A trade war between China and the United States would be negative for both countries and the global economy. The global economy still has not recaptured the pace of economic expansion it enjoyed prior to the Great Recession in 2008. The International Monetary Fund has forecast 3.7 percent global output for 2018 and 3.9 percent in 2019.
The risk is that an all-out trade war could spread into parts of the Sino-American relationship. Beijing could stop buying U.S. government debt. According to the U.S. Treasury Department, as of December 2017, China was the largest foreign holder of its debt at $1.18 trillion, slightly ahead of Japan. If China were to stop buying U.S. debt, markets would be devastated and Washington would have a hard time financing itself. China could also seek to undermine the international position of the U.S. dollar, insisting on the use of its currency in transactions. Such actions, however, would also hurt China’s economy. If relations deteriorate into a major economic war, both countries would consider how to achieve maximum damage to the other with the view that someone will eventually walk away a winner.

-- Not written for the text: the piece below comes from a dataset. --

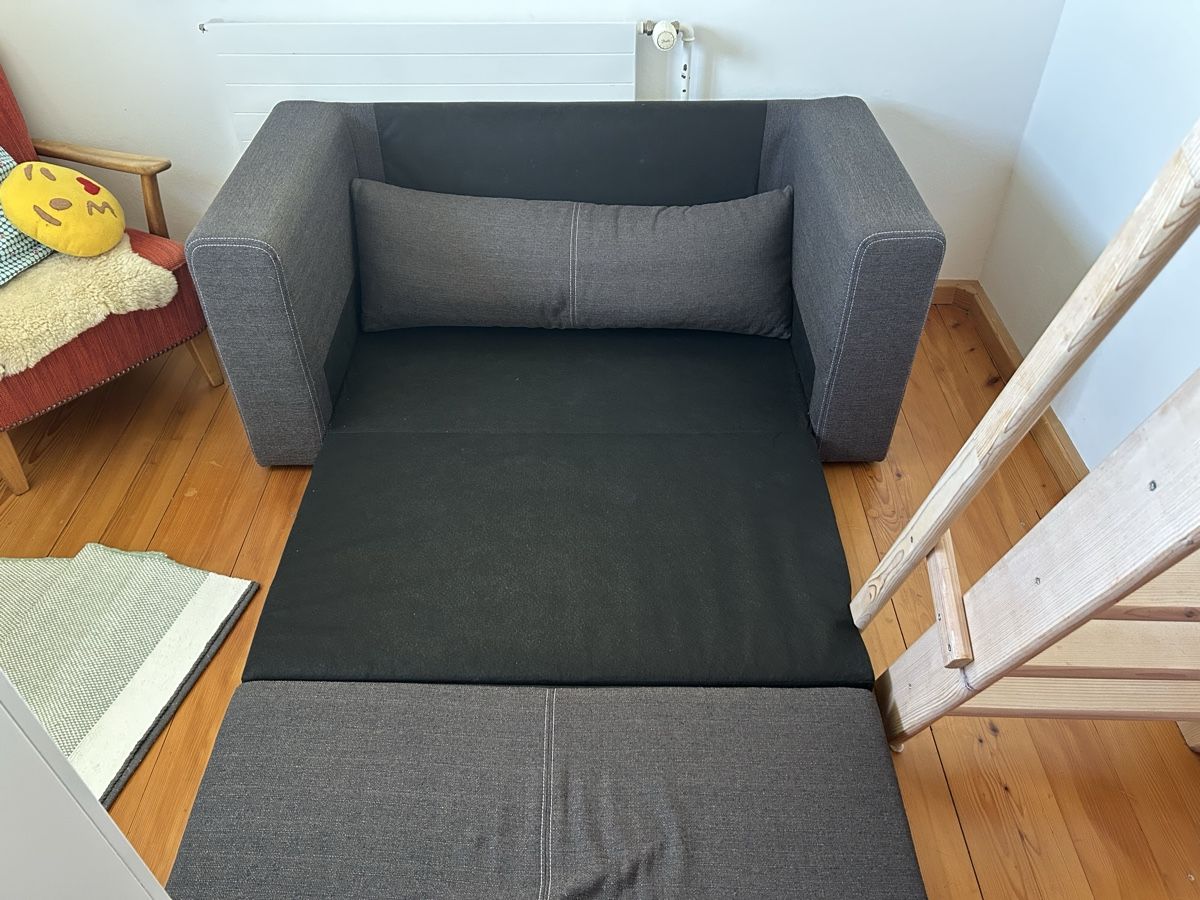 Divani: Ikea ASKEBY 2er-Bettsofa in Grau – Usato da Langenthal venduto da sim_zxv8 3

It is in this context that Xi’s move to one-man dictatorship is important, since he expects a major challenge from the United States on trade. President Trump has signaled his views on trade and his willingness to impose them. Xi has made certain that he is well-prepared for Trump’s moves, especially in regard to a security apparatus that will clamp down on any public discontent arising from an economic downturn.
Changing Perceptions Add to the Potential for a Trade War
At the same time, President Xi’s shift to dictatorship can be seen as a distinct move away from the long-cherished U.S. hope that economic liberalism would eventually lead to political liberalization. Just as the Chinese long assumed that the United States would remain the champion of free trade, the Americans too have found a key perception to have been wrong. In a sense, America’s shift from free trade to protectionism is matched by Xi’s political consolidation. Part of that challenge is the daunting task of pushing aside the U.S.-dominated order without entirely disrupting critical trading relations. A full-blown trade war at this point is not desirable.

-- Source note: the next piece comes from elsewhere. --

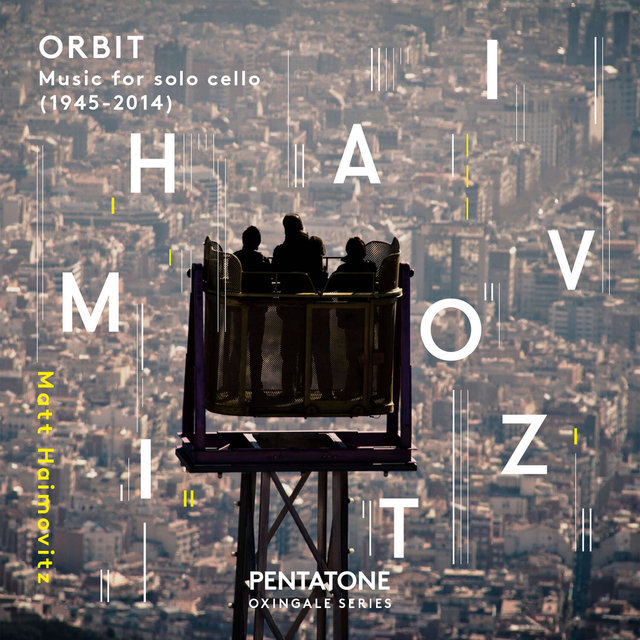 Couverture de Orbit: Music for Solo Cello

President Xi’s power is at its apex—for now. What he does with that power will be critical for his legacy as well as where he wants to take China. Xi’s list of challenges is extensive. Key among these is the compact between the Communist Party and the Chinese population: as long as you remain out of politics, the party will provide you with a better standard of living. This compact is already under considerable pressure, considering income gaps, rural-urban disparities, corruption and pollution—all issues that chip away at the Chinese state’s legitimacy.

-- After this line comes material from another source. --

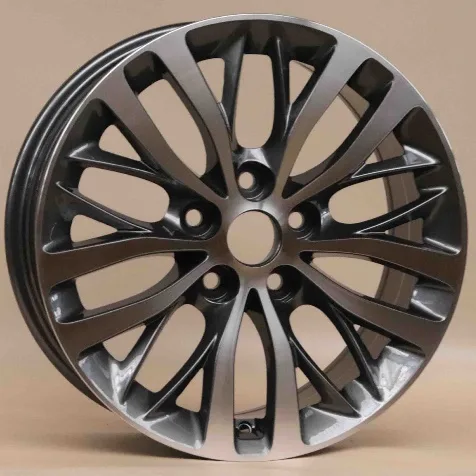 7057 alloy wheel rim – Silver (Full Paint)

With the Internet and travel, China’s 1.4 billion people are more connected with the world than at any time in history. This does not argue for a more liberal, democratic China, but one that is often strongly aware of what other people have and aspire to. In this sense, Xi also has to contend with rising expectations. A brutal and disruptive Sino-American trade war would put the Chinese political system and Xi’s own position under considerable pressure. If President Xi’s policies become messy failures he runs the risk of a palace coup, led by some secretive cabal, spawned by an autocratic regime that is not open to debate and suffers policy drift. President Xi should savor the moment, the tough part of dictatorial rule is just starting. The rest of the world should be ready for a more assertive line out of Beijing and more salvos in a deepening Sino-American trade war.